**TASK INSTRUCTIONS**
Transcribe the listing exactly; drop the images.

**DATA BELOW**
· · · · ·
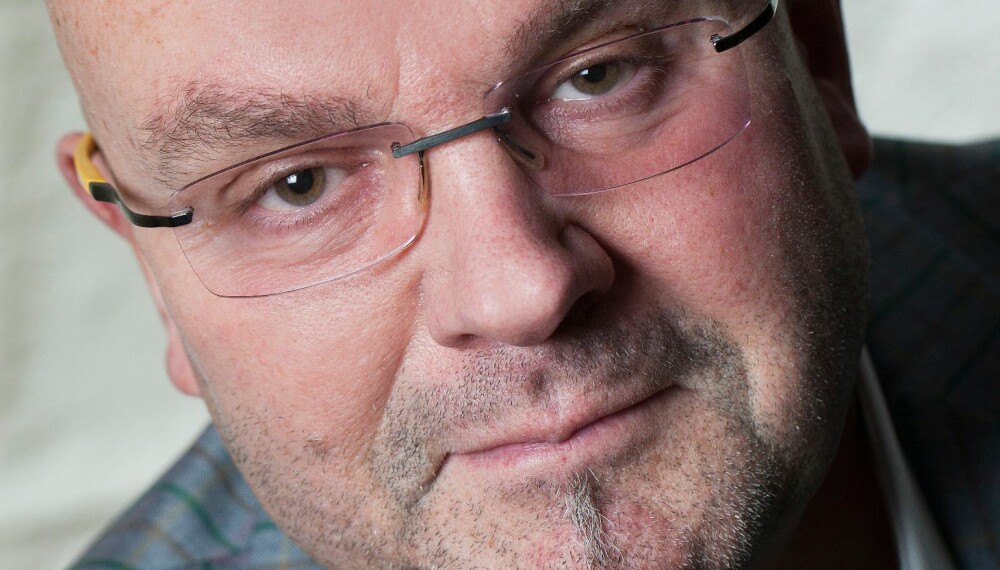 VIL IKKE GIFTE SEG IGJEN: Einar Gelius har ingen planer om et nytt ekteskap. – Nei, jeg
har ikke det. Jeg har prøvd det. Det var hyggelig det, men nei. VIL IKKE GIFTE SEG IGJEN: Einar Gelius har ingen planer om et nytt ekteskap. – Nei, jeg
har ikke det. Jeg har prøvd det. Det var hyggelig det, men nei.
· · · · ·
**EXERCISE SOLUTION**
 VIL IKKE GIFTE SEG IGJEN: Einar Gelius har ingen planer om et nytt ekteskap. – Nei, jeg
har ikke det. Jeg har prøvd det. Det var hyggelig det, men nei. VIL IKKE GIFTE SEG IGJEN: Einar Gelius har ingen planer om et nytt ekteskap. – Nei, jeg
har ikke det. Jeg har prøvd det. Det var hyggelig det, men nei.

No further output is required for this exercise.